ModFab On...Children of Men

CHILDREN OF MEN
Starring: Clive Owen, Julianne Moore, Chiwetel Ejiofor, Claire-Hope Ashitey, Charlie Hunnam, and Michael Caine
Written by Alfonso Cuarón, Timothy J. Sexton, David Arata, Hawk Ostby and Mark Fergus
Directed by Alfonso Cuarón
Rated: R for strong violence, language, some drug use and brief nudity

The bleak and brutal vision of Earth's future, presented with jolting detail and surprising sophistication in CHILDREN OF MEN, hits us in our softest psychological spot: the ability to procreate. The film's premise -- that in the future, all of mankind will be rendered sterile -- is never explained in great detail, but the chilling effect of such an idea is palpable. Our ability to have offspring is at the core of humanity's self-worth; it is not too long ago that men measured their worth by their number of children, and women still suffer psychological stress when passing leaving their child-bearing years. Whatever else may or may not work, Children of Men at least has this: a great idea.

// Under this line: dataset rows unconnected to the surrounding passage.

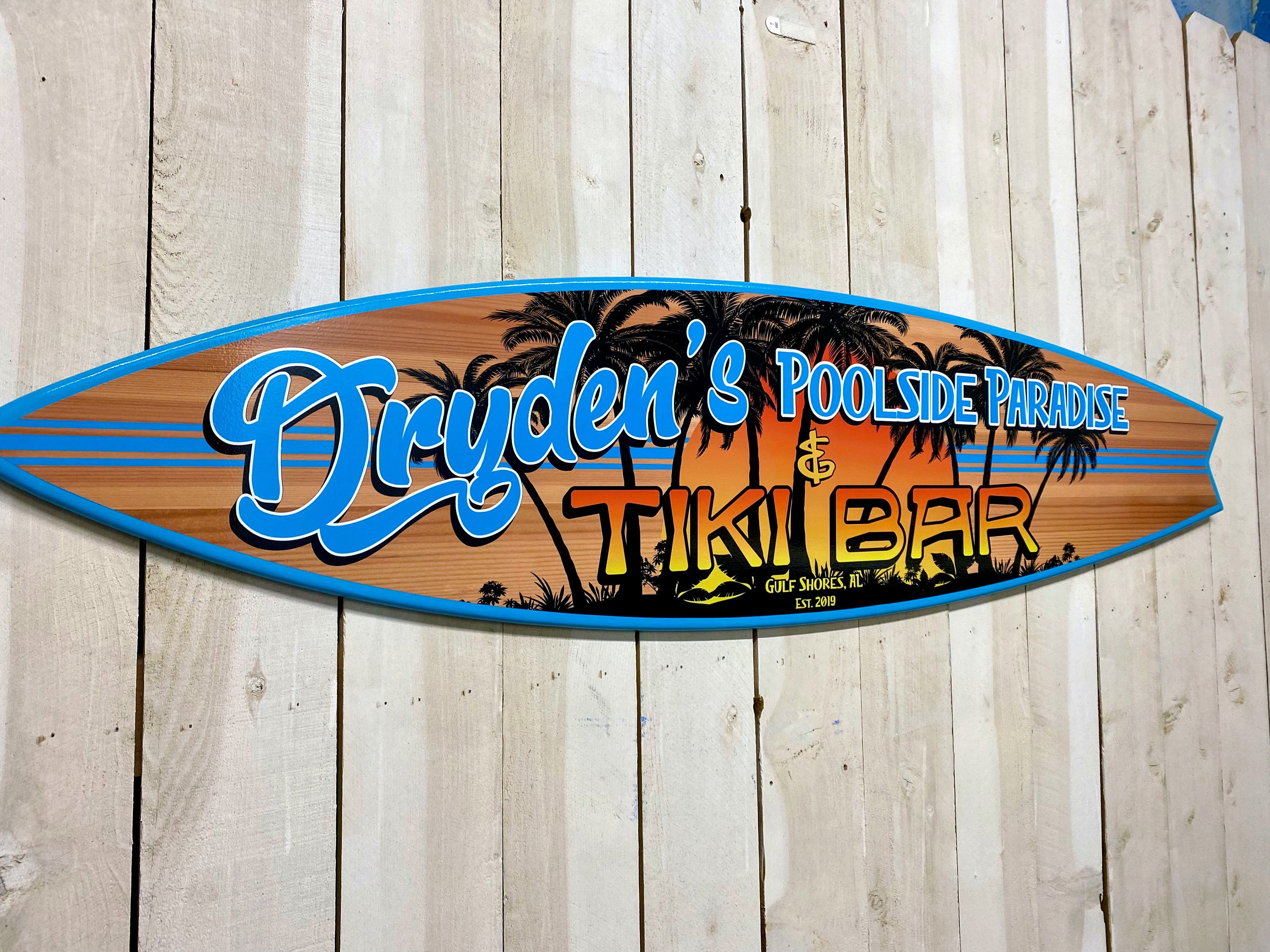 Free Vector | Tiki bar and surfboard on sea sand beach on sunset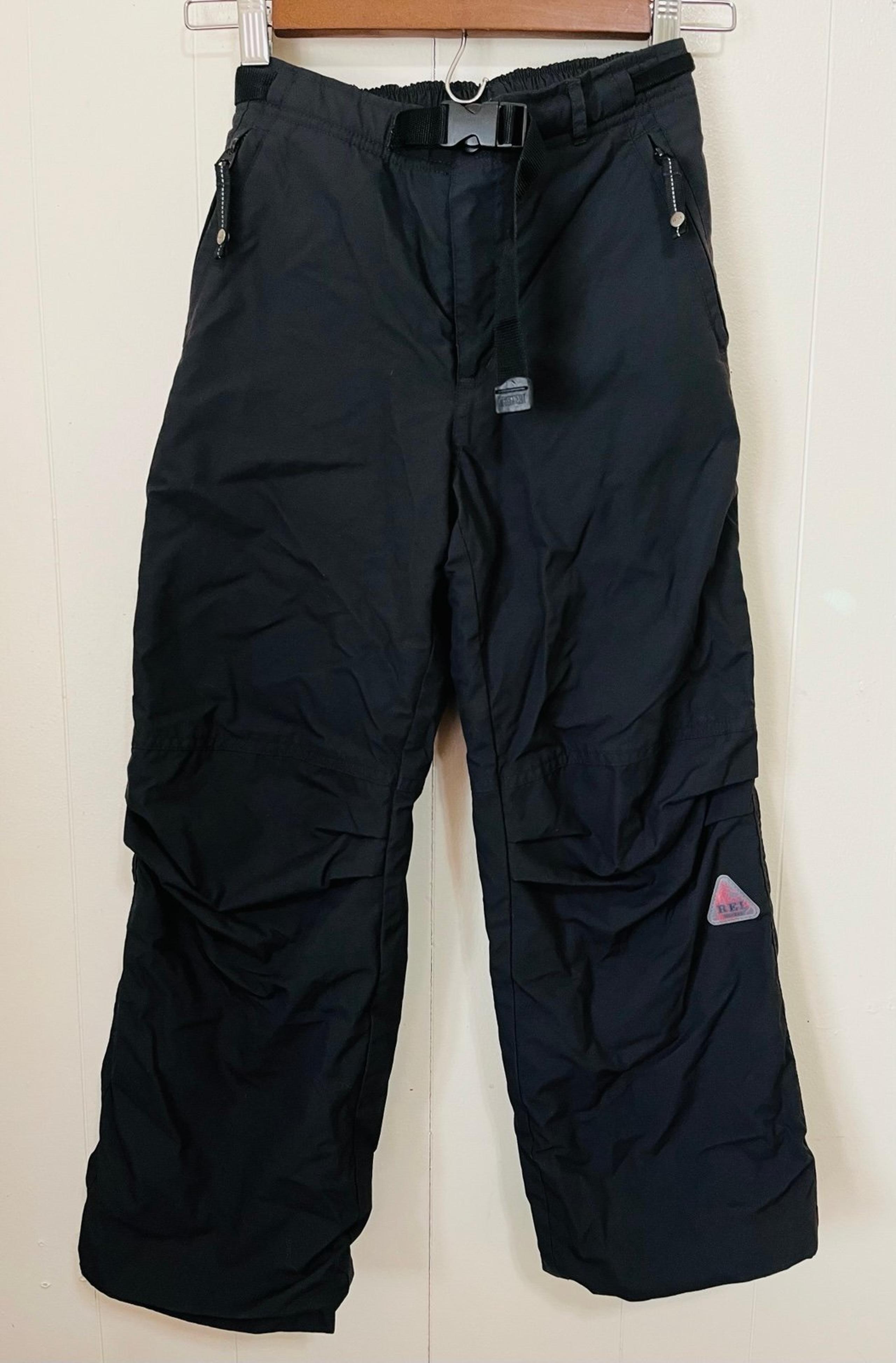 REI Black Ski Snowboard Snow Pants Fleece Lined Boys Size M 8/10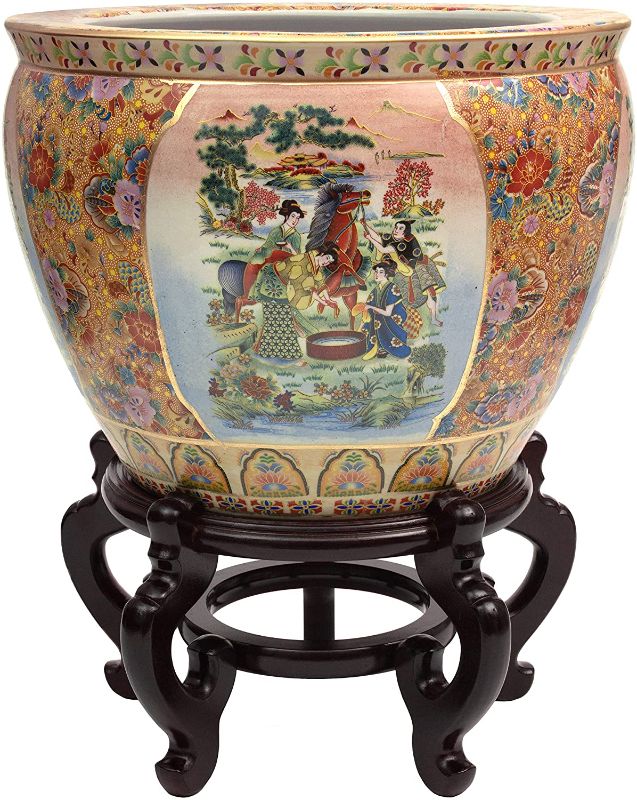 Photo 1 of *PLANTER ONLY*
ORIENTAL Furniture Porcelain Planter, Multicolor
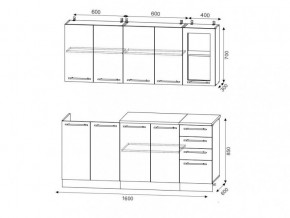 Кухонный гарнитур Лондон 1,6м дуб крем в Миньяре - minyar.mebel74.com | фото 2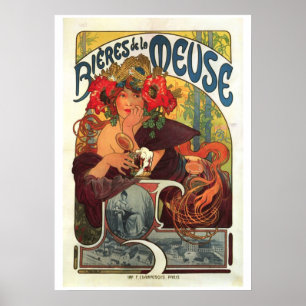 VintageBieres de la Meuse av Alphonse Mucha Poster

It is too bad, then, that the movie surrounding the idea is not equally great. Oh, the execution is professional, the performances suitably austere...but Children of Men lacks an emotional center, a heart, if you will. Enormous chunks of story are left out, a common occurrence in movies with five (five!) screenwriters. And even though Alfonso Cuarón (Y Tu Mama Tambien, Harry Potter and the Prisoner of Azkaban) is a most accomplished director, his stony cold vision here never warms up. In a world where humanity's future is literally on the line, tales need all the blood and soul they can get.

With most nations falling into anarchy, Children of Men brings us to the last bastion of civilization, London -- a city packed with terrified people, teetering on the verge of destruction itself. In the middle of a burgeoning war between natives and refugees, Theodore Faron (Clive Owen) is recruited by a former flame and underground activist, Julian (Julianne Moore), to shepherd contraband to a waiting ship on the British coast. The contents in question, however, are surprising. The world hasn't seen a childbirth in 19 years, and yet suddenly Faron is entrusted with Kee (Claire-Hope Ashitey), a young woman who, inexplicably, is eight months pregnant.

Children of Men follows their journey, which becomes a strange blend of Mad Max and A Room with a View...and yes, it is as weird as that sounds. There are bad guys (Chiwetel Ejiofor, as a rogue insurgent) and good guys (Michael Caine, ripping it up as a joint-smoking academic). And there are some astonishing set pieces, including a jaw-dropping, single-camera run through a war zone shot by cinematographer Emmanuel Lubezki (The New World). The larger questions, however -- where did Kee come from? How is she pregnant? What has happened to humanity, and why is she immune? -- go undiscussed and unanswered.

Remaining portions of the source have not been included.